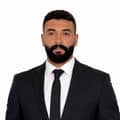 Faris Elbadawy Faris Elbadawy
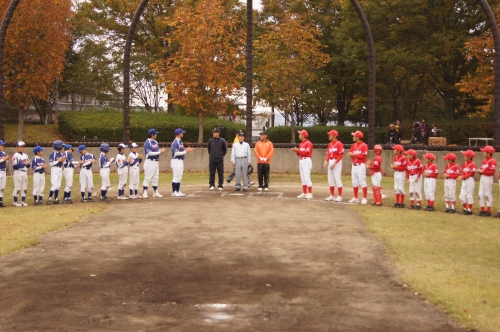 DSC09924.JPG
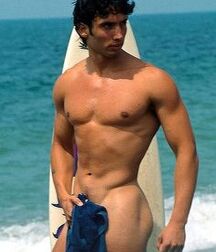 Sexy Twink Surfers Tube california 618861f3a5095.jpg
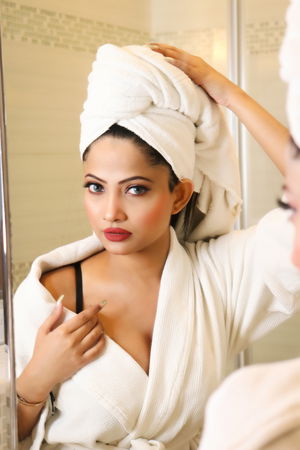 xitihir602's Profile Photo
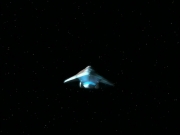 Filename=extant_StarTrek_Voyager_4x26-HopeAndFear_01162.jpg
Filesize=46KiB
Dimensions=1200x900
Date added=Oct 04, 2019 extant_StarTrek_Voyager_4x26-HopeAndFear_01162.jpg
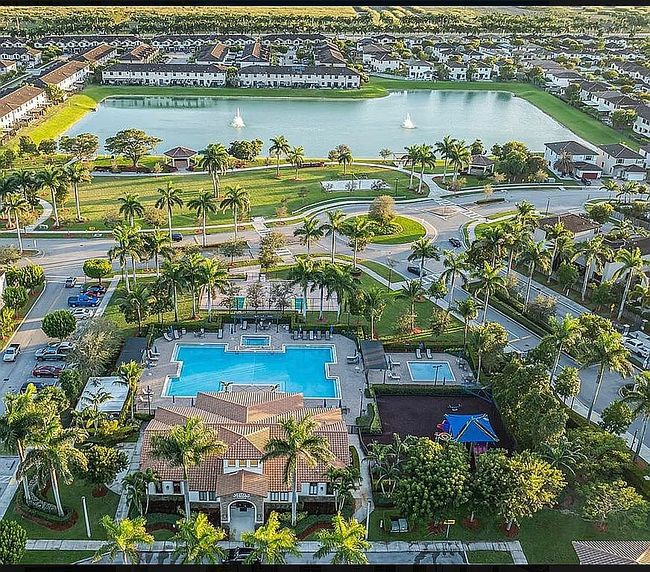 Image of 11742 Sw 250th St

★ ★ ★ ★ ★

● **EXERCISE DIRECTIONS**: Give back every entry in its exact wording, leaving the pictures out.

● **RESPONSE BOX**:
 Faris Elbadawy Faris Elbadawy
 DSC09924.JPG
 Sexy Twink Surfers Tube california 618861f3a5095.jpg
 xitihir602's Profile Photo
 Filename=extant_StarTrek_Voyager_4x26-HopeAndFear_01162.jpg
Filesize=46KiB
Dimensions=1200x900
Date added=Oct 04, 2019 extant_StarTrek_Voyager_4x26-HopeAndFear_01162.jpg
 Image of 11742 Sw 250th St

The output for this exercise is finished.